Of the seven men sitting as judges only one, Ousmane Goundiam, a member of the Senegalese Supreme Court, who presided, was a magistrate. The others were deputies designated by the National Assembly to serve as judges in the present trial.

The state’s case was argued by a specially appointed procureur général, Ousmane Camara. Dia and the other accused were defended by French attorneys, who flew in from Paris, and by three Senegalese, among them, Abdoulaye Wade, the brilliant head of legal studies at the University of Dakar.

Three of Dia’s co-defendants: from left to right, Valdiodio N’Diaye, Alioune Tall, and Joseph M’Baye, respectively former Ministers of Finance, Information, and Commerce in the Dia government. Behind them are seen four of the French attorneys for the defense. (Photos courtesy Dakar-Matin, Senegalese Ministry of Information, and Photo Bracher, Dakar) — BlogGuinée.

The Case for the Prosecution

The charges against Mamadou Dia were seven:

  1. That he had ordered the expulsion of the deputies from the National Assembly Building
  2. That he had ordered the arrest of four deputies without legitimate cause or warrant
  3. That he had had the telephone lines to the President’s palace cut to prevent the President’s fulfilling his constitutional functions
  4. That he had ordered an attack on the President’s palace
  5. That he had sought to raise an armed band
  6. That he had assumed unauthorized command of the armed forces against legitimate authority and in disregard of a requisition order signed by the President under Article 24 of the Senegalese Constitution and
  7. That he had perpetrated acts against the liberty of individual citizens.

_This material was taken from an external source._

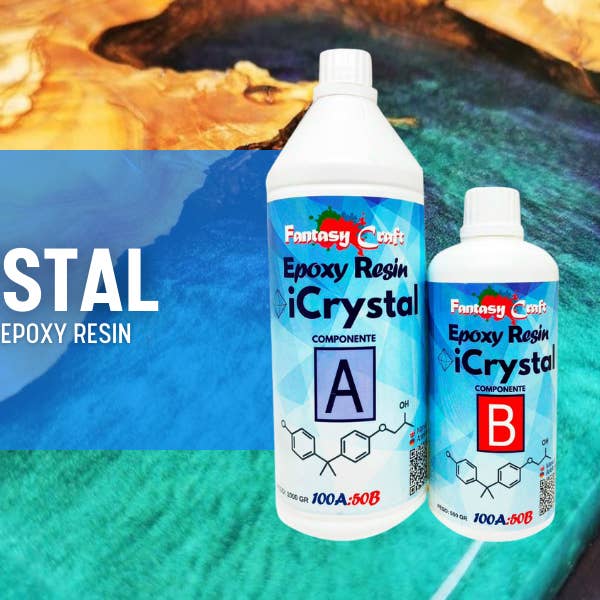 Resin Pro UK - Wholesale DIY Craft Kit - “ICRYSTAL”- Clear Epoxy Resin DIY - tables, resin art, etc1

Two separate but related issues, crucial to the substance of the charges, occupied the attention of the prosecution during the trial. The first concerned Mamadou Dia’s violation of the Constitution; the second, the thorny issue of party-government relations. Ultimately, the latter reduced itself to the basic question: “Which was the higher authority in the land—the party or the Constitution ?”

The prosecution’s position on the first issue, namely Mamadou Dia’s violation of the Constitution, was quite clear. In ordering the expulsion of the deputies from the Assembly, arresting four of their members, and cutting off telephone communication with the President’s palace, Dia had exceeded the limits of his constitutional authority and had trampled on the rights of parliament. His isolation of the palace clearly impeded President Léopold Senghor‘s exercise of his constitutional functions.

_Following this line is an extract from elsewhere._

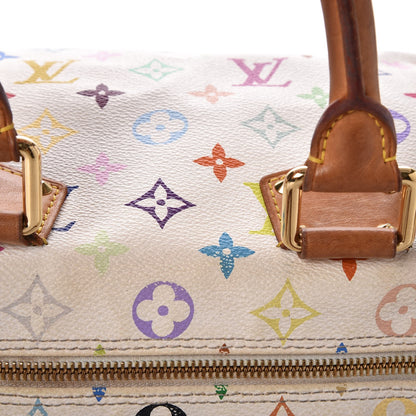 Louis Vuitton Monogram Multicolor Speedy 30 White 12 of 15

To the prosecution, Dia’s countermanding of President Senghor’s order requisitioning the nation’s armed forces and his issuance of another requisition order, placing the nation’s armed forces under his own command, constituted usurpation of presidential prerogative and illegal assumption of military authority. Furthermore, Dia’s continued exercise of command over the gendarmerie and the Dakar police force, even after his government had been officially overthrown by the Assembly’s vote of censure, amounted to raising an armed band against legitimate state authority (i.e., the President).

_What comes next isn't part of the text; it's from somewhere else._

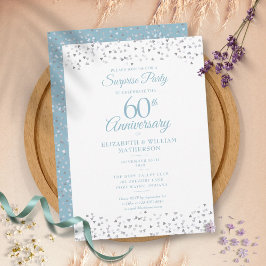 Överraskningsfest 60-årsjubileum Kärlekshjärtan Inbjudningar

The charge of perpetrating arbitrary acts against the liberty of individual citizens was based on Dia’s arrest of the four deputies and the detention by his followers of the head of the central telephone exchange, an action taken to facilitate isolation of the President’s palace.

Much more complex was the second issue, whether the party or the Constitution was the higher authority in the land. Yet this issue had to be raised by the prosecution, for the defense’s entire case rested on the claim that Dia’s actions were both legitimate and understandable in the light of the doctrine of party supremacy supposedly in force at that time in Senegal.

The prosecutor challenged the validity of this doctrine. He did not hesitate to point out that the Senegalese Constitution nowhere spoke of the party, much less accorded it the supremacy now imputed to it. What was more, the rules of the UPS themselves did not claim for the party a position superior to that of the nation’s Constitution. “How can you claim that any law or doctrine can be put above the Constitution, the source of all legality in the country?” he asked the defense. The point was difficult to refute.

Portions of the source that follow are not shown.